Violences, discriminations et mal-être sont en hausse chez les 14-15 ans neuchâtelois, relève une recherche menée auprès de 1700 élèves. Pour la première fois, les ados gay et lesbiennes y sont pris en compte.

Une étude de Institut universitaire de médecine sociale et préventive (IUMSP, à l’Université de Lausanne) propose une radiographie des ados neuchâtelois, rapporte «ArcInfo». Quelque 1700 élèves ont été interrogés et les résultats comparés à un sondage analogue mené sept ans plus tôt.

Le bilan est préoccupant, il fait état d’une progression marquée des tendances dépressives, centrées chez les filles (53% en 2017 contre 45% en 2010).
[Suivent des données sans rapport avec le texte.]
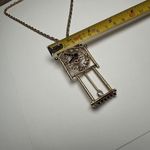 Rhinestone Clock Pendant Gold Tone 18 In Chain Vintage Photo 4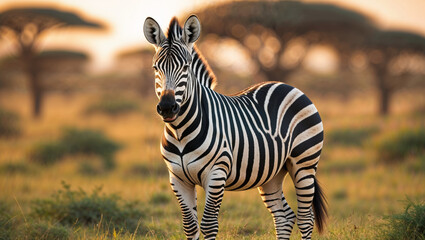 Obraz premium A striking zebra with bold black and white stripes stands calmly in the grassy savanna field.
Le nombre de jeunes disant avoir tenté de mettre fin à ses jours a doublé sur la même période, passant de 6 à 11% chez les garçons et de 8 à 16% chez les filles. «Le suicide est la première cause de mortalité chez les jeunes entre 15 et 29 ans», rappelle à ce propos le médecin cantonal neuchâtelois Claude-François Robert.

«Minorités sexuelles»
Cette période de fin de l’école obligatoire semble être celui où la violence et au harcèlement – et singulièrement le cyberharcèlement – sont les plus fréquents. Ce n’est pas une surprise, les jeunes LGBT en sont proportionnellement davantage victimes. Ce paramètre des «minorités sexuelles» a d’ailleurs été inclus pour la première fois dans l’enquête.

Au sein des 10% de filles et des 5% de garçons déclarant une «attirance sexuelle non exclusivement hétérosexuelle», 38% disent avoir reçu des gifles, des coups de poing ou de pied (contre 27% dans le reste de l’échantillon),14% se disent victimes de délits contre l’intégrité sexuelle (contre 7%), et 16% de délits violents (contre 9%).

Victimes, mais aussi auteurs de harcèlement
Près du quart des élèves LGBT témoignent de harcèlement, contre à peine plus de 10% chez leurs camarades hétéros. Ils sont en outre 7% à se plaindre de discriminations de la part de leurs enseignants (contre moins de 3%). Fait troublant: l’étude relève aussi que les jeunes «non exclusivement hétérosexuels» sont plus nombreux à reconnaître être auteurs de harcèlement (14% contre 6%).

Le rapport de l’IUMSP recommande «de continuer les efforts initiés il y a quelques années afin de promouvoir un milieu scolaire inclusif qui lutte activement contre la stigmatisation, la discrimination et toutes les formes de LGBTQ-phobies». Plus généralement, il note également la méconnaissance par les jeunes des ressources à leur disposition en cas de détresse, comme les médiateurs scolaires, des sites comme ciao.ch ou la ligne d’aide et de conseils pour les jeunes 147. Pour les ados LGBT, des fédérations et associations locales ont également mis en place des groupes dédiés: c’est le cas notamment de VoGay dans le canton de Vaud et de Totem à Genève.